Figurative Language Disorder (FLD)

  • A pragmatic language impairment of "understanding nonliteral or ambiguous meanings of language (i.e., idioms, humor, [sarcasm], metaphors" (American Psychiatric Association, 2013), etc.).
  • ASD must be ruled out before diagnosing FLD.
  • The ICD-11 is purposing to call it Developmental Language Disorder with Impairment of Mainly Pragmatic Language, but they should classify it as Figurative Language Disorder instead since pragmatics is also a broader term for social forms of language as well, and they should list it in the broader developmental speech or language disorders section.

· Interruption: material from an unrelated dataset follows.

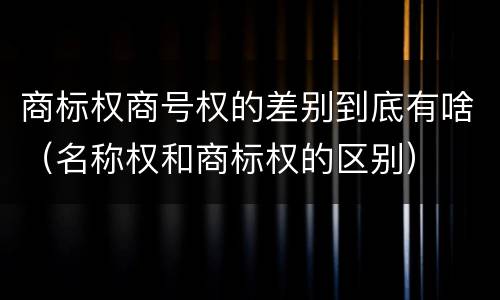 商标权商号权的差别到底有啥（名称权和商标权的区别）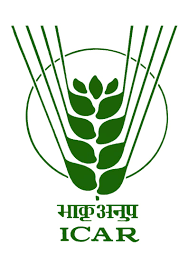 ICAR Logo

Speech Fluency Disorder (SFD)

  • A disorder of speech disfluency—also called stuttering (or dysphemia).
  • The DSM-5 refers to it as Childhood-Onset Fluency Disorder, while the ICD-11 will be calling it Developmental Speech Fluency Disorder, but they should be titled Speech Fluency Disorder.

Speech Sound (Phonological) Disorder (SSPD)

  • A disorder of deficits in pronouncing oral speech sounds (phonetics), such as acoustic (transmission), articulation (production), and auditory (perception). The broad diagnosis includes the following disorders: verbal apraxia (motor planning), dysarthria (slurred speech), and sensory impairments (blind or deafness).
  • Blind, Deaf, Dysarthria, Spoken Language Disorder, and Verbal Apraxia Specifiers
  • The DSM-5 classifies it as Speech Sound Disorder, but the ICD-11 is purposing to title it Developmental Speech Sound Disorder.